Posted September 15th, 2010 - 12:05 am by from Maple Ridge, Canada (Permalink)
So I am at the point in me life where I got lots of choices for careers. I have looked at many things, but then I thought that since I love to drink, why not become a brewer?!

I just have a few questions:
-Is it hard to get a job at a brewers? (lowest cleaning job at first is no issue for me)
-what kinds of education can you/do you need to get to become a professional brewer?
-Last and pretty much least, how are the wages?

thanks all

Posted September 15th, 2010 - 1:06 am by from Montreal, Canada (Permalink)
Hi Stephen,

It depends what kind of brewery work you want to do. It shouldn't be too difficult to get a job at a large production brewery (i.e. Molson), but you might end up just driving a forklift. Medium sized production breweries (i.e. Dead Frog or Russel) hire more regularly, which would be a great way to get your foot in the door. Microbreweries such as R&B and Storm have very low turnover, and brewpubs such as Steamworks, are almost impossible to get into. In other words, the more interesting the job, the harder it is to get!

You don't need any formal education. I know brewers who started out as cooks or bartenders. You can definitely learn on the job. It helps a lot if you've at least brewed at home though. The only problem is that you're more likely to convince someone to give you that first job if you've gone to a brewing school. Two places they offer them are through the Siebel Institute or UC Davis.
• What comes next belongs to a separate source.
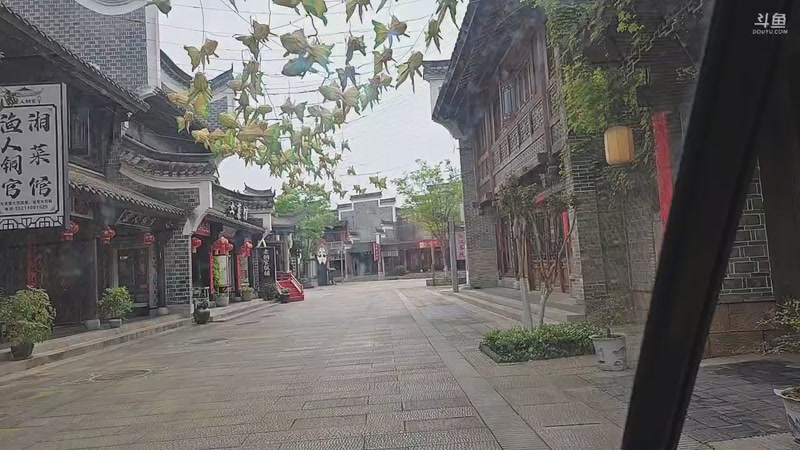 【2026-04-17 15点场】王大谋QoQ：祝亮亮生日快乐！
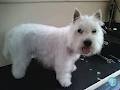 Yappy Days Mobile Dog Grooming image 1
Pay isn't great, but it varies. If you start your own place that becomes successful you can make good money. If you're working for someone else then there's a limit to how much you will make.

Below I've attached some advice from Vinne Cilurzo of Russian River Brewing (which has seven beers in the top 100 on beeradvocate.com)
This is pretty much exactly what I'm doing - working for free right now at Gulf Islands Brewery on Salt Spring. But hey, I get to do everything so it's great experience and a foot in the door... hopefully it will help me make the next step to a paying gig at another awesome brewery.

Good luck if you decide to go the brewing route!

Eric


***

What advice/words of wisdom do you have for those who may want to go pro?

I'd say first and foremost approach a local brewery and see about doing an apprenticeship which will mean working for free for sometime. In most cases the homebrewer will start out cleaning kegs and doing general cleaning around the brewery, he or she most certainly wouldn't start out brewing right from the get go or start out transferring beer. There is a big difference between homebrewing and brewing professionally when it comes to process control. Things like getting all or most of the Co2 evacuated out of a fermenter before CIPing it, or making sure the tank is vented so you don't run the risk of imploding it. Most homebrewers aren't working with heavy cleaners like caustic soda, so, there is a major safety issue with that along with the fact that we use lots of hot water which can be dangerous if not handled properly.

Overall, the homebrewer wanting to go pro who finds a brewery that will take he or she in needs to have patience's. During the early period of cleaning kegs and general brewery cleaning the apprentice will learn about general practices regarding transferring beer and cleaning, than over time, they could get into more of the day to day stuff.